The 4e version is fine, don't get me wrong, but it lacks the gravitas the 3.0 version had.

It's not that the 3.0 is more graphic (graphic is not the same thing as useful or good) but it suffers from the basic fact that all the ideas that should be in have already appeared somewhere else.

I'll use the props that came with the 4e version, and I'll expand the 3.0 version to include the 4e (And really converting between the two systems is not that hard).  I'll use the monsters in the lower levels, espcially if I plan to add on the Thaizdun bits.

Plus the Dragonslayers need the book because it has a ritual to summon Tiamat.  They are all god characters, and the ritual requires the sacrifice of a "Rainbow Dragon" which at the moment they think is a Chaotic good faerie dragon.  Have not decided about that one yet.  They are just kids afterall.

Did I get my money's worth for the 4e book?  Yeah, I feel that I did. There are some very neat ideas and some cool things for a 4e game.  Not as much as I would have hoped for though.

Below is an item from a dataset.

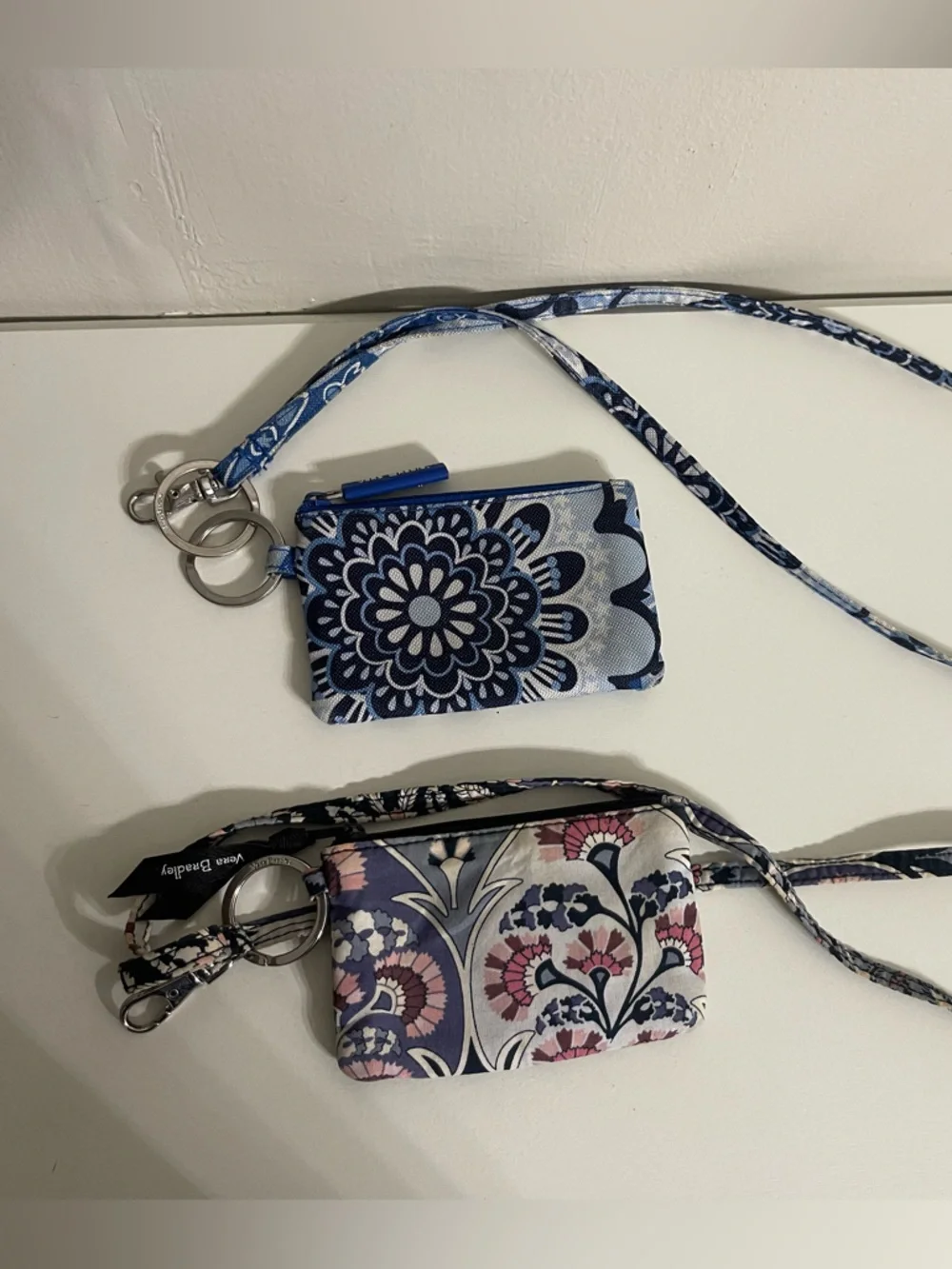 Vera Bradley Blue Paisley Double ID Lanyard with‎ Floral Accent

Of course if I use the book in 3e, should I turn around and have it reappear in 4e or 5e?  No idea yet.  Let me get done with 3e first.

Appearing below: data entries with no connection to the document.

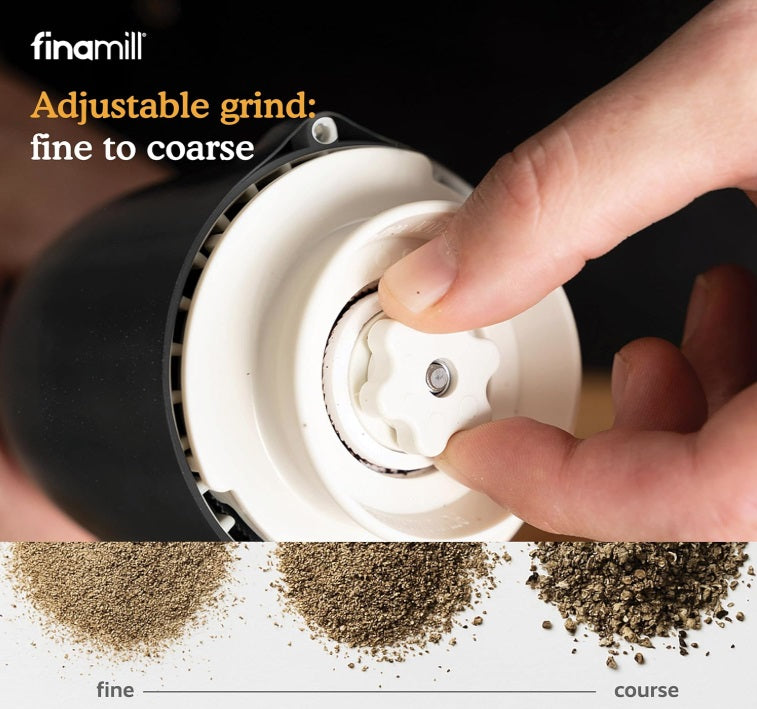 FinaMill Stone Grey Rechargeable Spice Grinder with 2 Interchangeable Pods by Kitchen Niche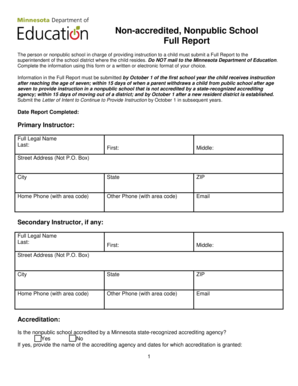 Minnesota Nonpublic School Full Report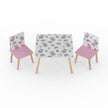 Children's table and chairs set with patterned design on a white background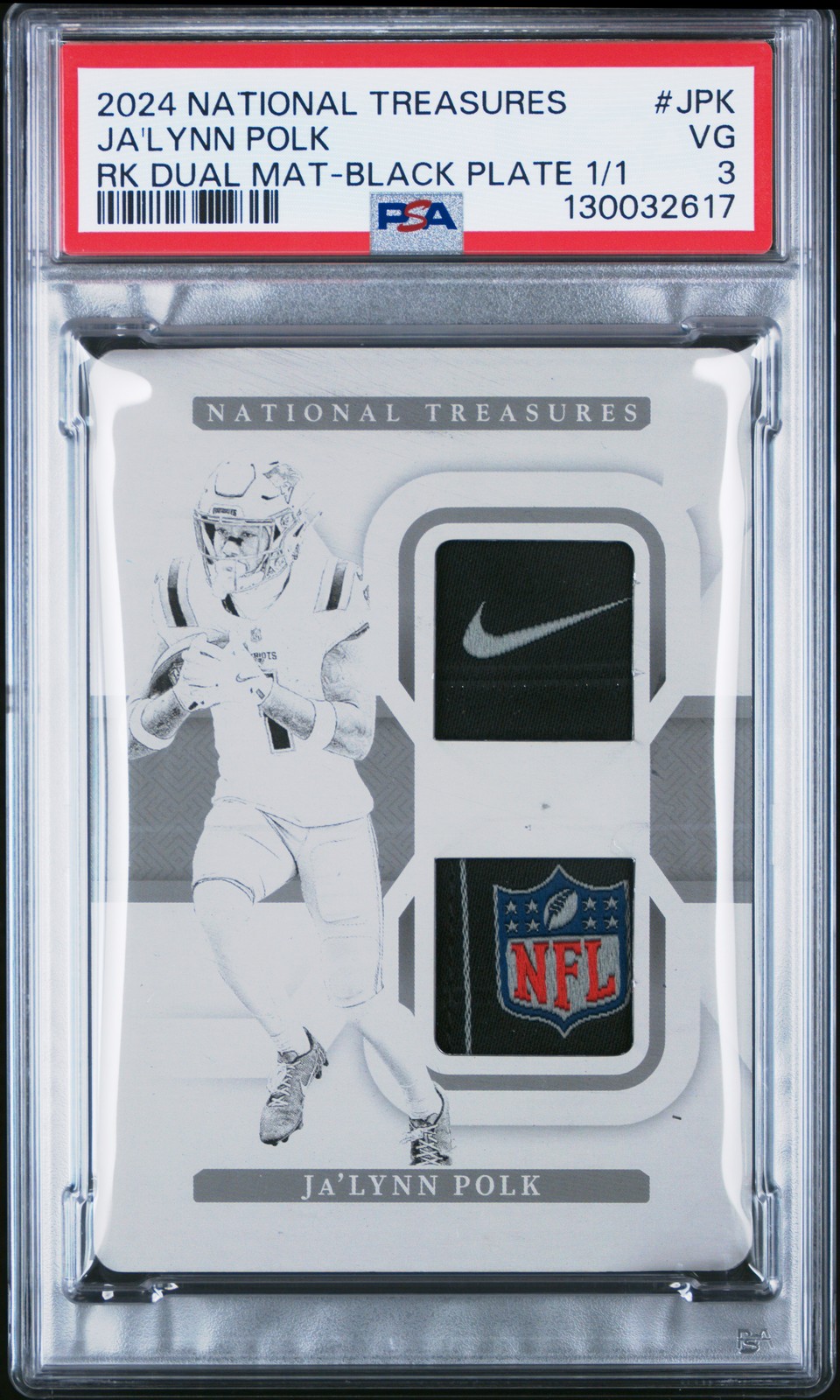 Ja'Lynn Polk Panini National Treasures Rookie Dual Materials #JPK Black Printing Plate 1/1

Oh. And my oldest son wants to go back to Mentzer Basic.  It figures really, I have tried to push Moldvay/Cook Basic D&D on him for so long that naturally he would only be interested in the one box I never really pull out.


Monday, January 16, 2012

Modular D&D? Tell me more Mr. Cook.

Monte Cook has posted a little bit about the latest incarnation of D&D on WotC's site.

http://www.wizards.com/DnD/Article.aspx?x=dnd/4ll/20120116

It seems, so far, that they are going to take a modular approach to the game system.  As a game designer and former computer programmer I find this a very interesting take and I am looking forward to more.

Extrapolating on this I can see the following set up:
D&D5 Basic - A basic box with all the rules you need to play. Basic classes, races and magic.
D&D5 Expert/Advanced - an addition to these rules that take the game into all sorts of directions. Added races, classes, prestige classes and the like.  Think of all the cool things from D&D Expert and the AD&D 1st ed DMG.
D&D5 Tactics - a miniature focused set of rules for players/DMs that want more definition in their combats.  Sure it makes the combats take longer, but that is the trade off.

Then splats similar to the current Heroes of the Feywild or Heroes of Shadow that expand certain "campaign free" areas of the world.

While reading the "lists of demands" in the 5e boards left feeling nothing but despair for the next edition, the official word from the actual designers is leaving me with more optimism.

What I Don't Want

I do not want 5e to be like an older edition or a retro-clone.

I own and have played every edition of D&D ever published.  I have (nearly) every retro- and near- clone there is.

5e can support older editions, it can even emulate some of the features of older games, but it should be be it's own game.